Try it - Output range, inclusive: from the line containing "2016 MAZDA CX-5" to the line containing "Ingrid Boulting attends". Restate those lines from the data below word for word and only those.

%%

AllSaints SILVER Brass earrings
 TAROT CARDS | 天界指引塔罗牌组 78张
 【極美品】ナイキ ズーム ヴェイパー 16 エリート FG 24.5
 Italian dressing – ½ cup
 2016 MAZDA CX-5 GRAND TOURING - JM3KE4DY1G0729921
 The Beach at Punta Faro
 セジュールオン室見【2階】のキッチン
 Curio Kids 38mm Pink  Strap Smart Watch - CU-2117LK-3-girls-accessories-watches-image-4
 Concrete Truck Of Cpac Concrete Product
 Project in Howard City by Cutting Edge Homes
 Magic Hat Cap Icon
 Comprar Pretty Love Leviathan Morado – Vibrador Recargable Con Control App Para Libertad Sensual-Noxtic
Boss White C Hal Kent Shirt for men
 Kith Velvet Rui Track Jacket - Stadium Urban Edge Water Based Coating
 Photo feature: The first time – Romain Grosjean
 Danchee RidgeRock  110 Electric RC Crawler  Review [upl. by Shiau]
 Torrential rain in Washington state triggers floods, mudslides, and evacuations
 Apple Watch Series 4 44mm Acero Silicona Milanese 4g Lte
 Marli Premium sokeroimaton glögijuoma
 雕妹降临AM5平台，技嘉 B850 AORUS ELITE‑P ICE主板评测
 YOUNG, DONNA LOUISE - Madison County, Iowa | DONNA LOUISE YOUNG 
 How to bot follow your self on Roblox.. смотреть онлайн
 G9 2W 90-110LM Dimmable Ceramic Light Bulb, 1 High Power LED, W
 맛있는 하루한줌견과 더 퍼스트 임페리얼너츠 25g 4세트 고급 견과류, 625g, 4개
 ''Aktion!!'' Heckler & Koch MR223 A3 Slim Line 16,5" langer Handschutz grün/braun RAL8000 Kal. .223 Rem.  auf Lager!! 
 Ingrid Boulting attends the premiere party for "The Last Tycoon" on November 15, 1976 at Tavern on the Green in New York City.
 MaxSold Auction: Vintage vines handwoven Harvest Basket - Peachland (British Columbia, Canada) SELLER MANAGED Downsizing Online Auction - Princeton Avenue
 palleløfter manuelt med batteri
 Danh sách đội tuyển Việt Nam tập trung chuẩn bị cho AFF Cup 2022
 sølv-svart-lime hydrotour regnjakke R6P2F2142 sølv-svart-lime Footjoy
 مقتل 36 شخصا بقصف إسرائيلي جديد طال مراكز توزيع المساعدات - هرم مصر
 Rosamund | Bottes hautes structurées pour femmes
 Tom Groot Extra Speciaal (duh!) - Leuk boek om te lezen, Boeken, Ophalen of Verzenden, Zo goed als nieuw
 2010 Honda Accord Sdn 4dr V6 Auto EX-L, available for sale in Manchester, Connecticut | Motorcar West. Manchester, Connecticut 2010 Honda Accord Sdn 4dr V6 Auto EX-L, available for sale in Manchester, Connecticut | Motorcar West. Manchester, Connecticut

%%

Finished task -
 2016 MAZDA CX-5 GRAND TOURING - JM3KE4DY1G0729921
 The Beach at Punta Faro
 セジュールオン室見【2階】のキッチン
 Curio Kids 38mm Pink  Strap Smart Watch - CU-2117LK-3-girls-accessories-watches-image-4
 Concrete Truck Of Cpac Concrete Product
 Project in Howard City by Cutting Edge Homes
 Magic Hat Cap Icon
 Comprar Pretty Love Leviathan Morado – Vibrador Recargable Con Control App Para Libertad Sensual-Noxtic
Boss White C Hal Kent Shirt for men
 Kith Velvet Rui Track Jacket - Stadium Urban Edge Water Based Coating
 Photo feature: The first time – Romain Grosjean
 Danchee RidgeRock  110 Electric RC Crawler  Review [upl. by Shiau]
 Torrential rain in Washington state triggers floods, mudslides, and evacuations
 Apple Watch Series 4 44mm Acero Silicona Milanese 4g Lte
 Marli Premium sokeroimaton glögijuoma
 雕妹降临AM5平台，技嘉 B850 AORUS ELITE‑P ICE主板评测
 YOUNG, DONNA LOUISE - Madison County, Iowa | DONNA LOUISE YOUNG 
 How to bot follow your self on Roblox.. смотреть онлайн
 G9 2W 90-110LM Dimmable Ceramic Light Bulb, 1 High Power LED, W
 맛있는 하루한줌견과 더 퍼스트 임페리얼너츠 25g 4세트 고급 견과류, 625g, 4개
 ''Aktion!!'' Heckler & Koch MR223 A3 Slim Line 16,5" langer Handschutz grün/braun RAL8000 Kal. .223 Rem.  auf Lager!! 
 Ingrid Boulting attends the premiere party for "The Last Tycoon" on November 15, 1976 at Tavern on the Green in New York City.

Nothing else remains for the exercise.